ANZ Could Explore Standard Chartered Takeover, Citi SaysAmbereen Choudhury and Howard Mustoe
Australia & New Zealand Banking Group Ltd., the country’s most Asia-focused lender, could explore an acquisition of Standard Chartered Plc, although a combination is unlikely, Citigroup Inc. analysts said.
“A deal would be possible but unlikely,” Citigroup analysts Craig Williams and Ronit Ghose said in a note to investors today. Melbourne-based ANZ’s market capitalization is about 50 percent higher than Standard Chartered, they said.
Standard Chartered last week named Mike Rees as deputy to Chief Executive Officer Peter Sands as the London-based bank combined its corporate and consumer-banking units to cut costs. Chief Financial Officer Richard Meddings, 55, and Steve Bertamini, 49, head of the consumer-banking unit, will both leave the company in the first half.
Full-year revenue will probably be little changed, the bank has said, after earlier scrapping a sales-growth target of at least 10 percent and writing down its South Korean business by $1 billion. The shares dropped 14 percent in 2013, making it the worst performer among Britain’s five biggest banks.
ANZ CEO Mike Smith said in an interview with the Wall Street Journal today that a major acquisition is unlikely. He said that “it would be nice to have what I have always called a transformational acquisition, but I have always said the stars have to align,” according to the newspaper.
The Citigroup analysts said the role of Temasek Holdings Pte, Singapore’s state-owned investment firm that holds 18 percent of Standard Chartered, and regulators would be “critical” to a creating a “dual-listed company.”
“Other institutions, with similar international ambitions but lower levels of profitability than ANZ may be better fits as acquirers,” they said.

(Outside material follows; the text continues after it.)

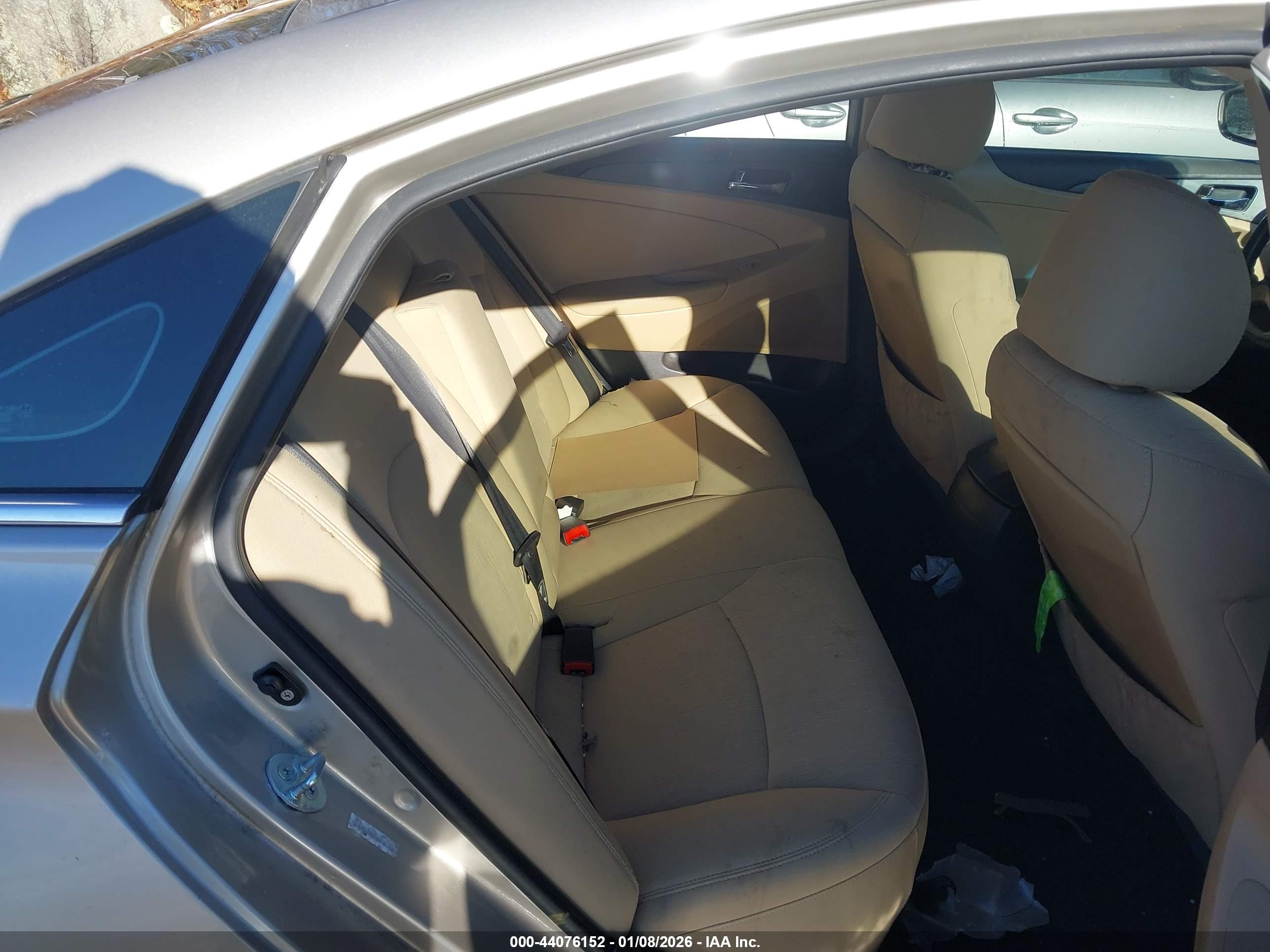 HYUNDAI SONATA image 8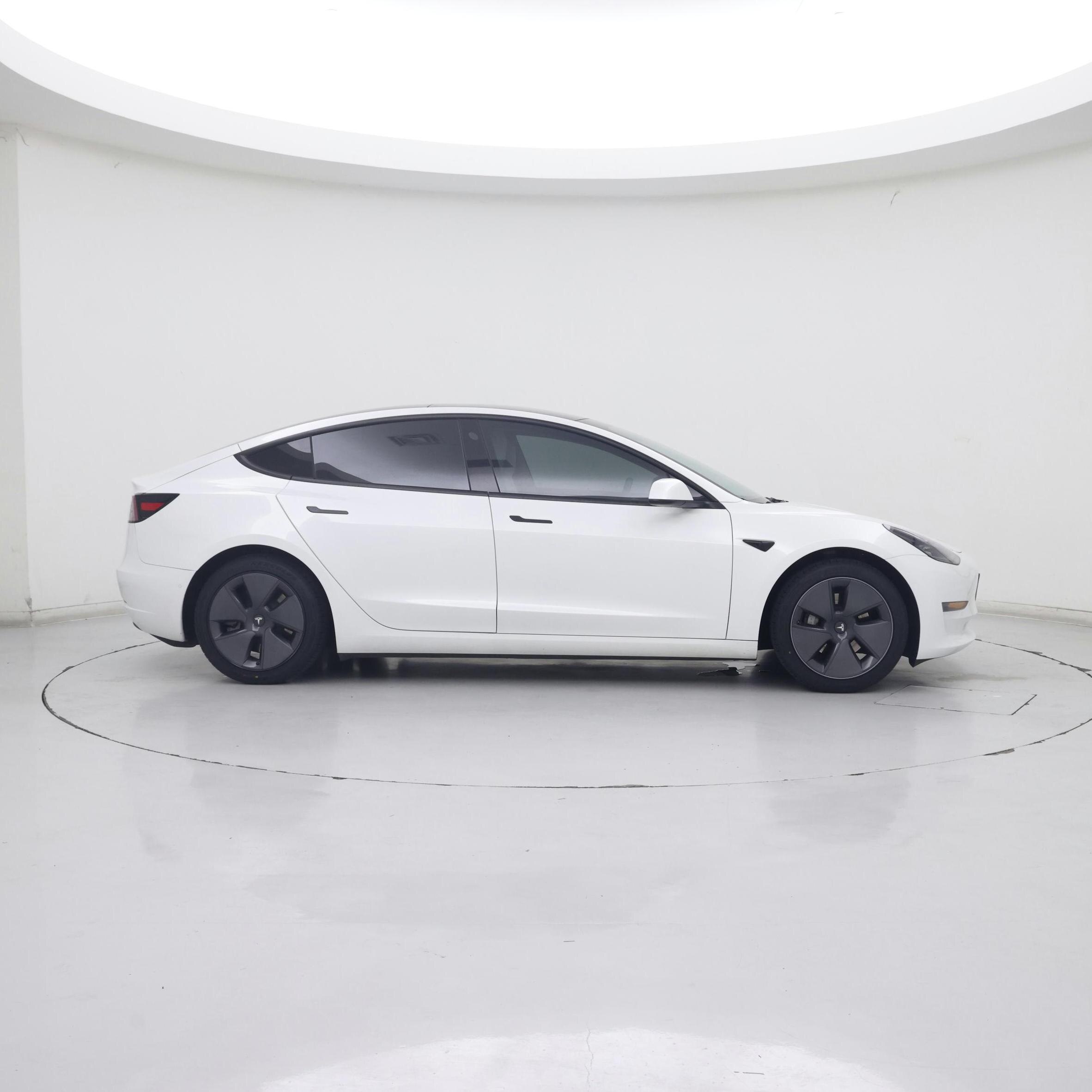 Thumbnail: 2021 Tesla Model 3 - 7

A spokesman for ANZ and a Standard Chartered spokeswoman, Neema Patel, declined to comment.
ANZ has a market capitalization of A$85.9 billion ($77.9 billion), while Standard Chartered, based in London is valued at about 31.3 billion pounds ($51.5 billion).
Standard Chartered rose as much as 1.36 percent in London and was up 7 pence, or 0.5 percent, to 1,293 pence at 1:30 p.m. local time. ANZ fell 0.73 percent to A$31.33.